Weakly-Supervised-3D

A Weakly-Supervised Framework for 3D Scene Understanding in the limited reconstruction case, where merely limited number of 3D scenes can be annotated.

Current state-of-the-art 3D scene understanding methods are merely designed in a full-supervised way. However, in the limited reconstruction cases, only limited 3D scenes can be reconstructed and annotated. We are in need of a framework that can concurrently be applied to 3D point clouds semantic segmentation and instance segmentation, particularly in circumstances that labels are rather scarce.
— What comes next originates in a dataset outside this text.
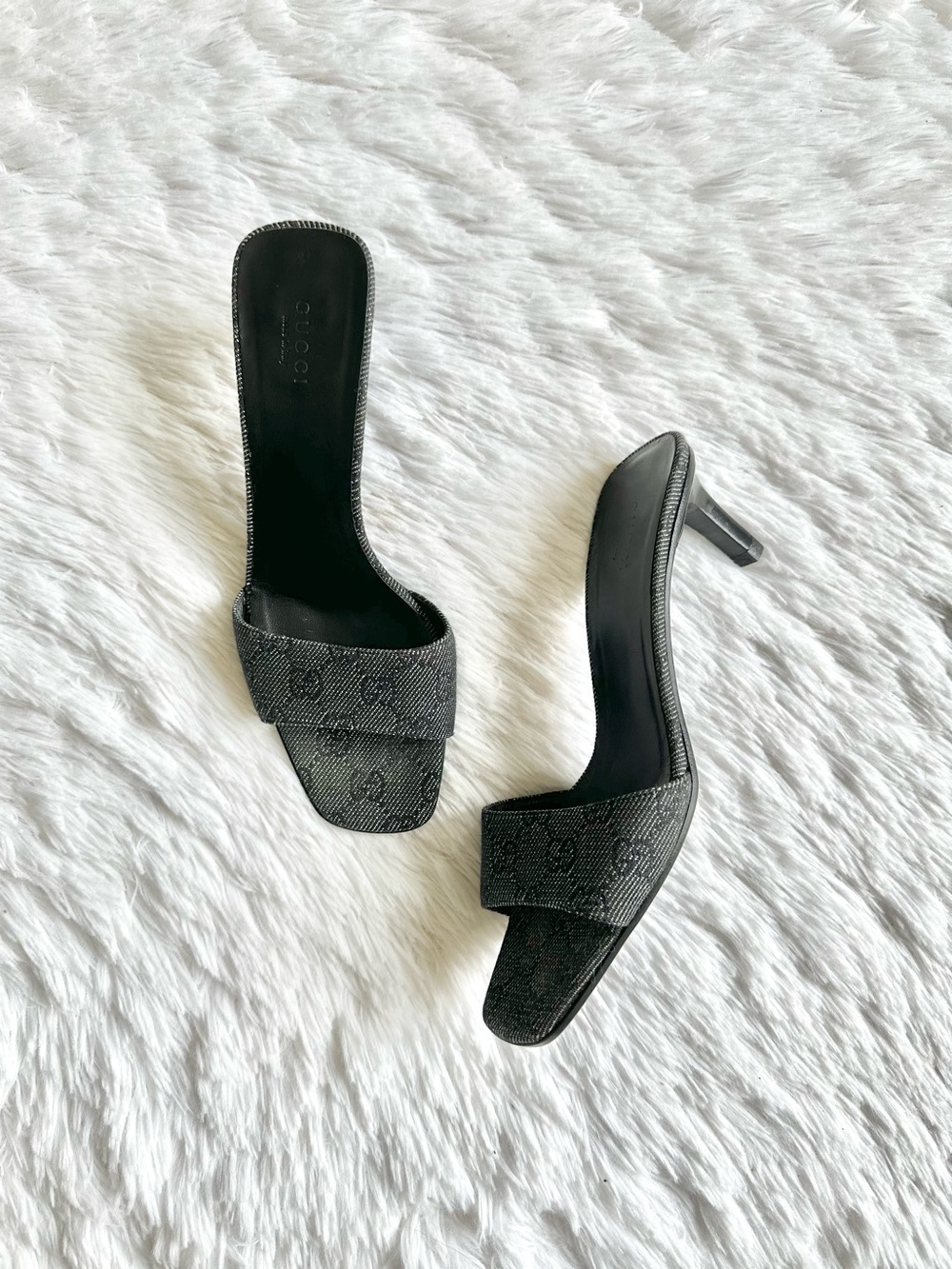 Vintage Gucci Tom Ford Monogram Kitten Heels - Picture 1 of 7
The paper introduces an effective approach to tackle the 3D scene understanding problem when labeled scenes are scarce. To leverage the boundary information, we propose a novel energy-based loss with boundary awareness benefiting from the region-level boundary labels predicted by the boundary prediction network. To encourage latent instance discrimination and guarantee efficiency, we propose the first unsupervised region-level semantic contrastive learning scheme for point clouds, which uses confident predictions of the network to discriminate the intermediate feature embeddings in multiple stages. In the limited reconstruction case, our proposed approach, termed WS3D, has pioneer performance on the large-scale ScanNet dataset on both the task of semantic segmentation and instance segmentation. Also, our proposed WS3D achieves state-of-the-art performance on the other indoor and outdoor datasets S3DIS and SemanticKITTI.

It should be noted that in practical robot application, it is often impossible to reconstruct or label each scene. Therefore, learning with limited labeled scenes is very meaningful.

Environment

This codebase was tested with the following environment configurations.

  • Ubuntu 18.04
  • CUDA 11.3
  • GCC 7.5.0
  • Python 3.7.7
  • PyTorch 1.7.1
  • MinkowskiEngine v0.4.3 for voxel-based convolutions.

Installation

We have used conda for the installation process:

# Install virtual env and PyTorch
conda create -n sparseconv043 python=3.7
conda activate sparseconv043
conda install pytorch==1.7.1 torchvision==0.8.2 torchaudio==0.7.2 cudatoolkit=11.3 -c pytorch

# Complie and install MinkowskiEngine 0.4.3.
conda install mkl mkl-include -c intel
wget https://github.com/NVIDIA/MinkowskiEngine/archive/refs/tags/v0.4.3.zip
cd MinkowskiEngine-0.4.3 
python setup.py install

Next, download Contrastive Scene Contexts git repository and install the requirement from the root directory.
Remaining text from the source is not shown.